[SUPPLIED DATA]

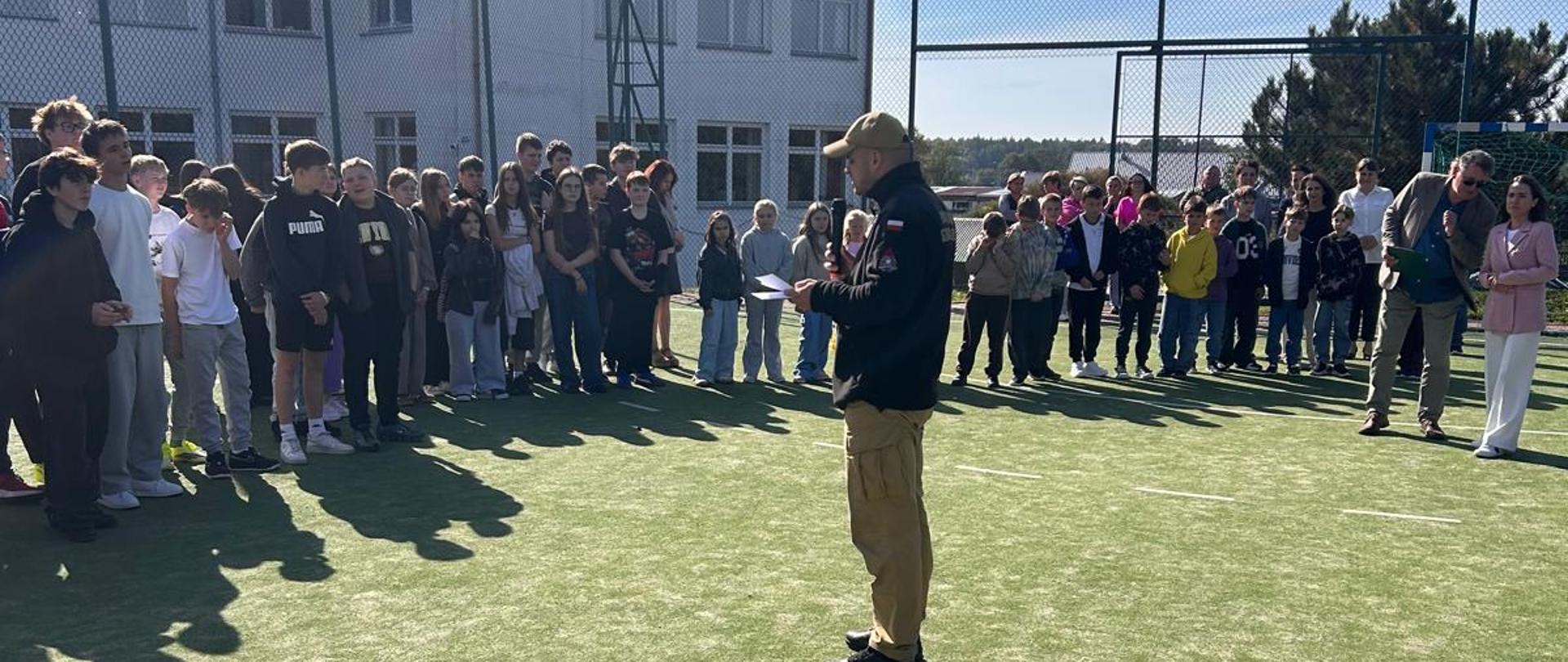 Próbna Ewakuacja w Przedszkolu oraz Publicznym Zespole Szkół im. Jana Pawła II w Łoniowie.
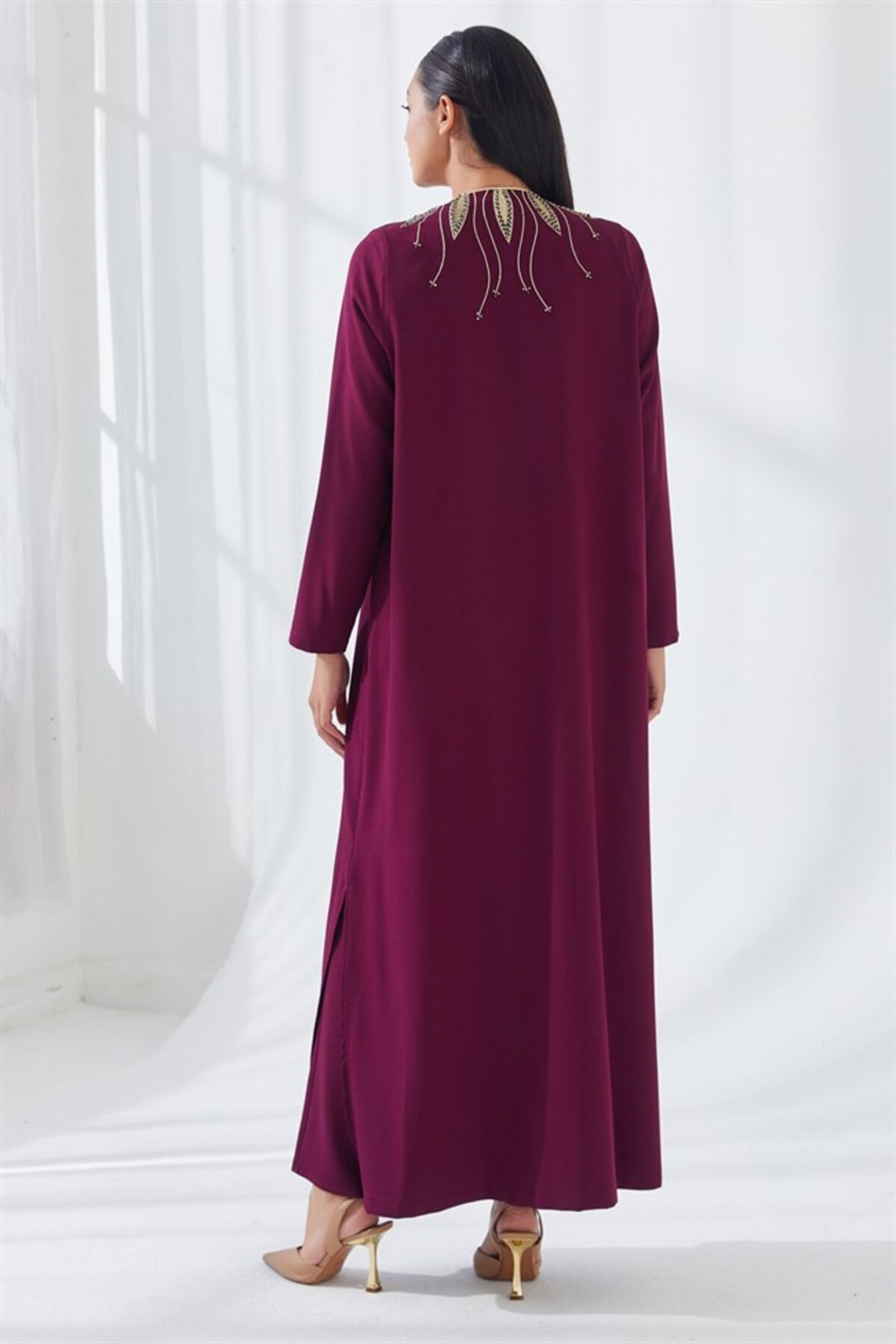 Yakası Nakış İşlemeli İkili Abaya Takım Bordo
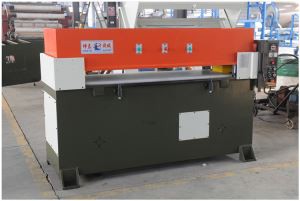 Máquina de prensa de corte e vinco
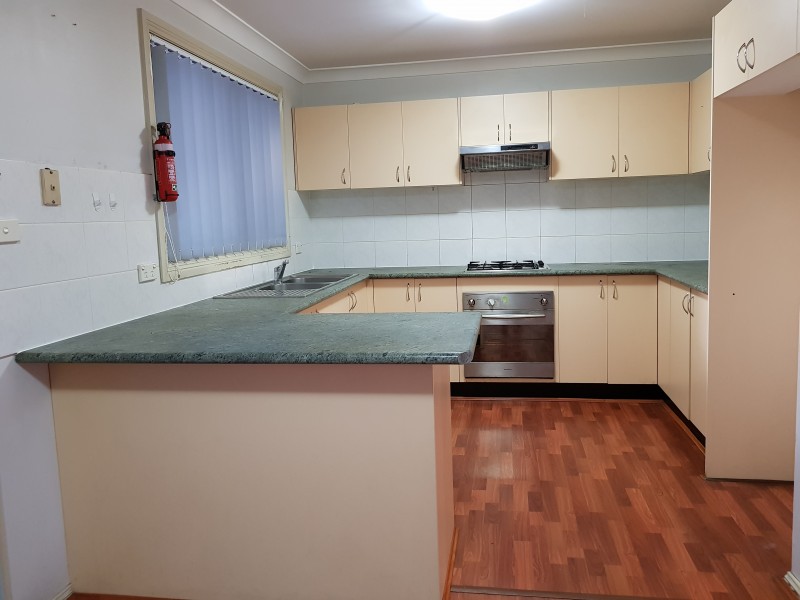 2/172 Targo Road, Girraween NSW 2145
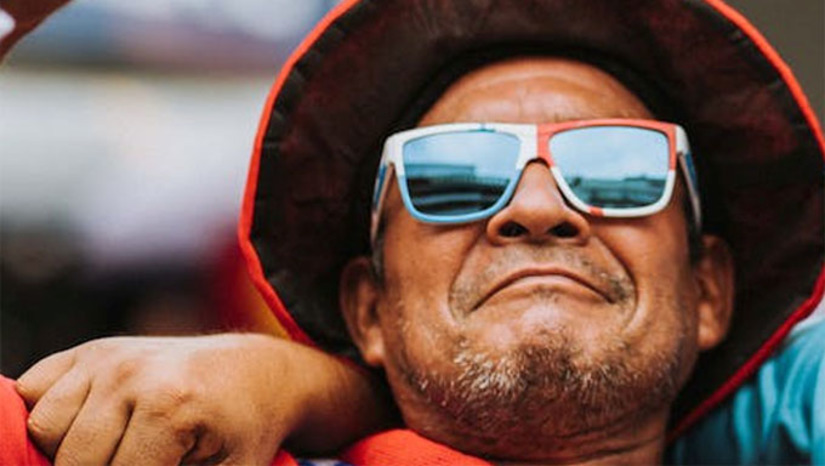 Imagem 1 - Os entusiastas do esporte dedicam tempo, dinheiro e energia para expressar sua paixão de várias maneiras. Entre outras coisas, eles investem pesado em produtos (bonés, gorros, camisetas, bandeiras etc.) com as cores e o escudo do seu clube de coração. Exibir os acessórios e roupas com as cores do time nas ruas desperta o sentimento de pertencimento e camaradagem entre os torcedores. Em dias de jogo eles se reúnem ao redor do estádio, criando uma atmosfera eletrizante. O som dos cânticos que ecoa pelas arquibancadas cria uma energia única que estimula os jogadores em campo. Imagem 1 - Os entusiastas do esporte dedicam tempo, dinheiro e energia para expressar sua paixão de várias maneiras. Entre outras coisas, eles investem pesado em produtos (bonés, gorros, camisetas, bandeiras etc.) com as cores e o escudo do seu clube de coração. Exibir os acessórios e roupas com as cores do time nas ruas desperta o sentimento de pertencimento e camaradagem entre os torcedores. Em dias de jogo eles se reúnem ao redor do estádio, criando uma atmosfera eletrizante. O som dos cânticos que ecoa pelas arquibancadas cria uma energia única que estimula os jogadores em campo.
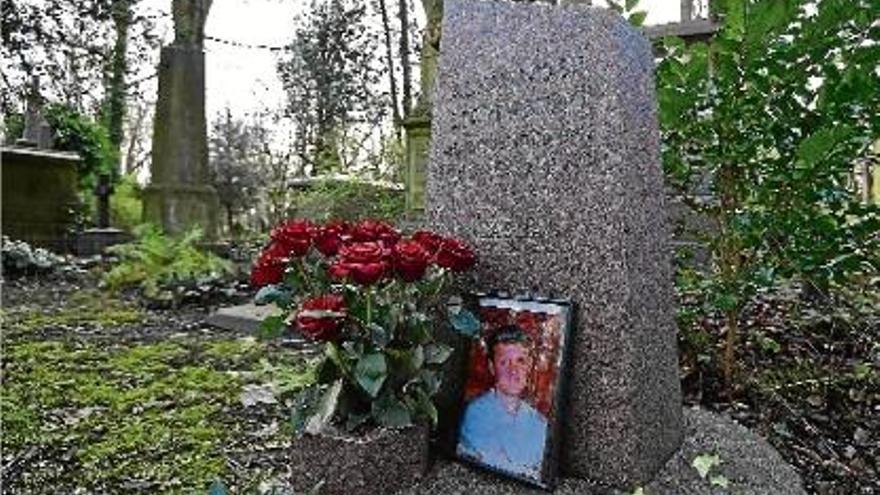 Tomba d&#039;Alexander Litvinenko al cementiri de Highgate, a Londres.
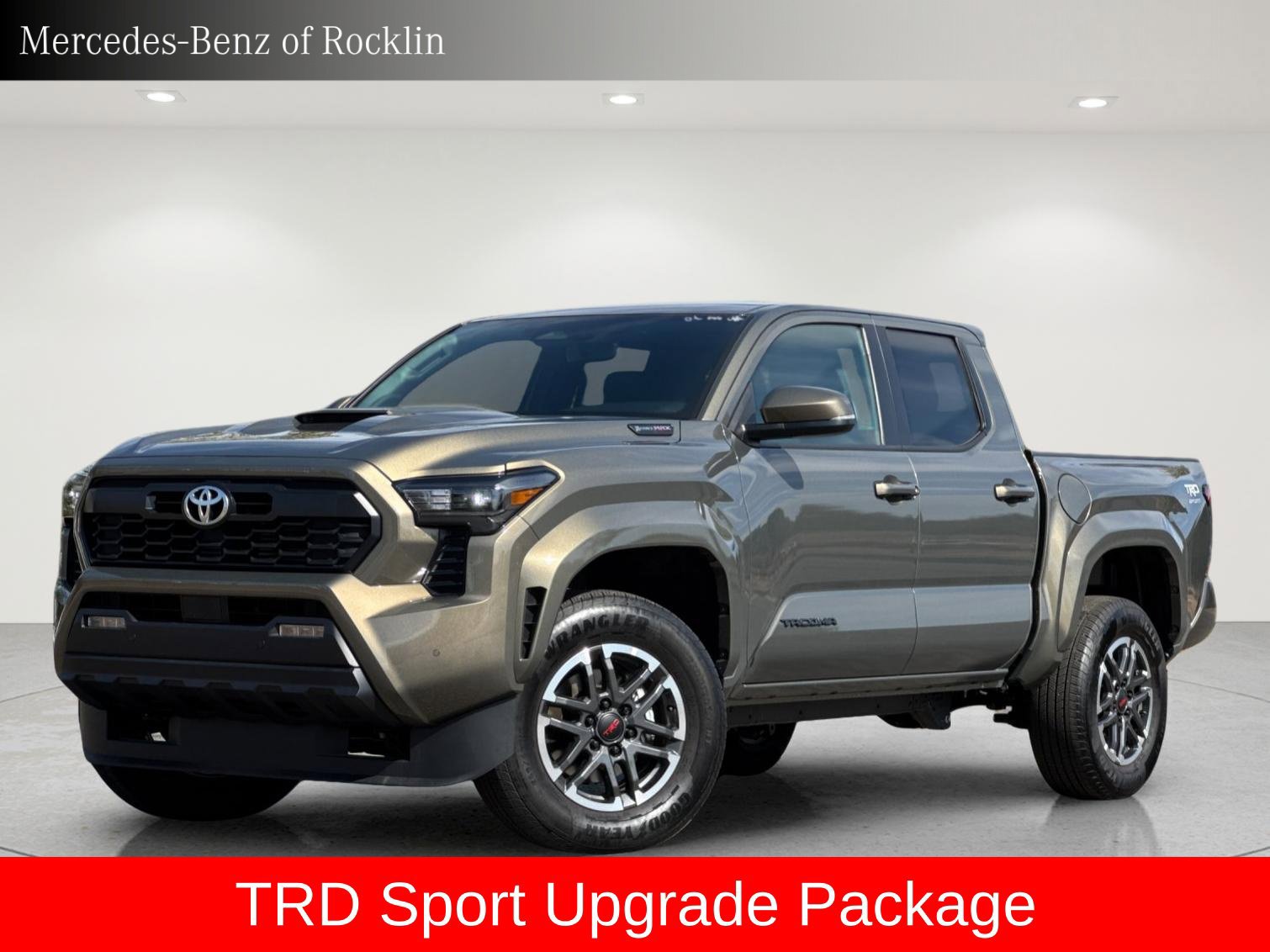 Used 2025 Toyota Tacoma TRD Sport w/ TRD Sport Upgrade Package AWD/4WD image 1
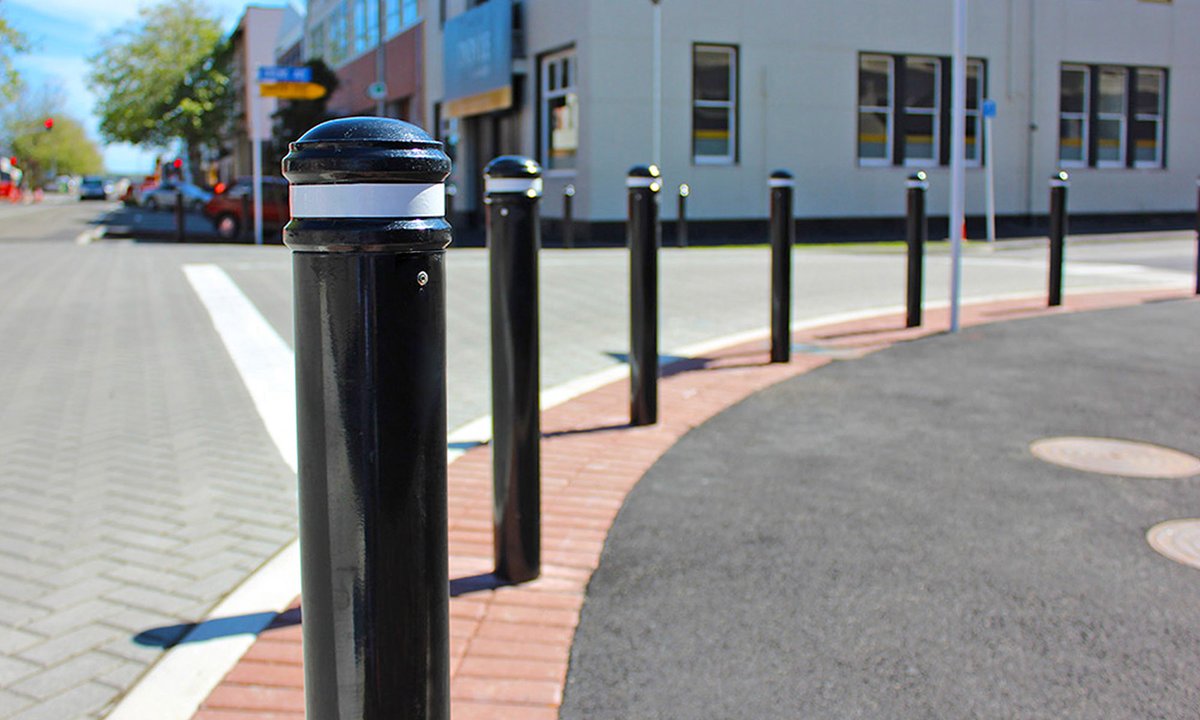 Tilleyone's tweet photo. #madeinnz our Motif #bollards have a variety of options to best suit your #security and #safety requirements.
https://t.co/FGGuAZQIWT
#tilleygroup #shopfrontprotection #securitymanagement #facilitiesmanagement #BuildingProtection #smallbusiness #owneroperator #storesafety https://t.co/UxWeAWYd0c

[/SUPPLIED DATA]

■ **WHAT YOU ARE ASKED TO DO**
Find every line in the records that uses the string "https", then copy it.

■ **SOLUTION**
https://t.co/FGGuAZQIWT
#tilleygroup #shopfrontprotection #securitymanagement #facilitiesmanagement #BuildingProtection #smallbusiness #owneroperator #storesafety https://t.co/UxWeAWYd0c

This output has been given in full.